(Beginning of Dataset)

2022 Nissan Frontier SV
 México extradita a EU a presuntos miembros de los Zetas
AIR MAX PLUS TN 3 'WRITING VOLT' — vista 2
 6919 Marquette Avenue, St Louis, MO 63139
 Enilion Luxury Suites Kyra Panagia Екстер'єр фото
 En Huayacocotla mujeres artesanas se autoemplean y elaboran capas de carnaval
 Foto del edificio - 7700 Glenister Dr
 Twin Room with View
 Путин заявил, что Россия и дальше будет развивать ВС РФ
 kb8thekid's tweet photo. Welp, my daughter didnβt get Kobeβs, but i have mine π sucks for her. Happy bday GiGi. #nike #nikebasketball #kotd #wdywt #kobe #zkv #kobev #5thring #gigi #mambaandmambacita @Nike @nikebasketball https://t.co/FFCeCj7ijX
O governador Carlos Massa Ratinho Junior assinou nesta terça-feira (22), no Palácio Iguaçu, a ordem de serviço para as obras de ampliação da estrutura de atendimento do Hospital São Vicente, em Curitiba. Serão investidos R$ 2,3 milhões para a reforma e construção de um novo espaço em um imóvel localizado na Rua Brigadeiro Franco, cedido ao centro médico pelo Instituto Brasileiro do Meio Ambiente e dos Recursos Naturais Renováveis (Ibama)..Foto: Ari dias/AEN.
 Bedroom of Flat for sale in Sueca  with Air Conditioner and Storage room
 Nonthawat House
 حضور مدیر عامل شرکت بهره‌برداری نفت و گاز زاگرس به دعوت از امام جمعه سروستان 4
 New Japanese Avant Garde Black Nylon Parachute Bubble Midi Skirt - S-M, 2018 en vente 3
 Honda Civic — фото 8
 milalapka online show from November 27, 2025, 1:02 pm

(End of Dataset)

Wherever a line of the entries holds the string "Foto", copy that line.

§ Task answer
 Foto del edificio - 7700 Glenister Dr
O governador Carlos Massa Ratinho Junior assinou nesta terça-feira (22), no Palácio Iguaçu, a ordem de serviço para as obras de ampliação da estrutura de atendimento do Hospital São Vicente, em Curitiba. Serão investidos R$ 2,3 milhões para a reforma e construção de um novo espaço em um imóvel localizado na Rua Brigadeiro Franco, cedido ao centro médico pelo Instituto Brasileiro do Meio Ambiente e dos Recursos Naturais Renováveis (Ibama)..Foto: Ari dias/AEN.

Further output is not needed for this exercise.